David Bradley portrays actor William Hartnell, who was cast as the very first Doctor. At 55-years-old, Hartnell, a well established character actor, reluctantly took on the role, which changed his life and, after years of working, finally made him a household name.
David Bradley came to the TV Critics tour to talk about the beginnings of this sci fi phenomenon.
What kind of research did you do for this role?
When I first got the role I didn’t know anything about William Hartnell. I admired him as an actor. I thought he was one of the great unsung British character actors of his time. [I had] access to lots of DVD footage of him that was very useful for recreating the episodes, and I read his granddaughter, Jessica Carney’s, biography about him.
What did you learn from those?
In spite of having claimed to have been brought up on a farm in Devon, with a kind of idyllic picture of his upbringing, in fact, he was born illegitimately behind St. Pancreas Station in London. And he never knew his father.
When he was a child, at the turn of the century, in1908, when he was born, he suffered a lot of taunting for his illegitimacy. He never talked about it, but one feels that it left him with a deep insecurity, that occasionally would come out and explode when he was on set.
When I spoke to William Russell and Carol Ann Ford about him, what he was like to work with, they said he was absolutely delightful, but he had his funny days. I think Mark (Gatiss, who wrote the tv movie) brought out all the complex nature of the man in the film, and as far as I’m aware, it’s a pretty accurate portrayal.
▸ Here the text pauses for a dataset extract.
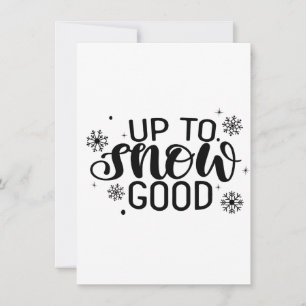 Up to Snow Good Funny Christmas Winter Snowflake Invitation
Was it a challenge to play him?
Mark didn’t try and sentimentalize his life. He showed all the different sides to him. It’s always great for an actor to play someone who’s got a secret or lots of colors in his nature.
There’s more to explore, and that makes him more complex and interesting. So that’s the challenge, but also the pleasure of discovering what he was like. I think they’ve been pretty faithful to his life story.
Did you understand why William Hartnell was so hesitant to play the role?
I could understand Hartnell’s reluctance initially when he met Verity Lambert and Waris Hussein, because he just saw a couple of kids with a crazy kid’s idea. It’s easy to look back now and imagine it arrived fully formed.
Someone put the script on a producer’s desk and they said, ‘Yeah, let’s throw money at that. That’s great.’ But, of course, television is never like that. And this had more problems than most, I suspect, as the head of the BBC, after the first pilot, said, ‘Just kill Doctor Who.’ I think that’s in the film.
What was it about Doctor Who that people embraced it from the beginning?
I think once the Daleks came in, that’s when it really took off. And we have the guy who did the voice in the [movie] When I was young and I saw [the series], I had no idea that it was just a guy sitting in the chair at the side with a wrap-around microphone.
It was all done live while he was watching the action. I just assumed it had all been added on after, or it was prerecorded. You see little glimpses behind the scenes in the film.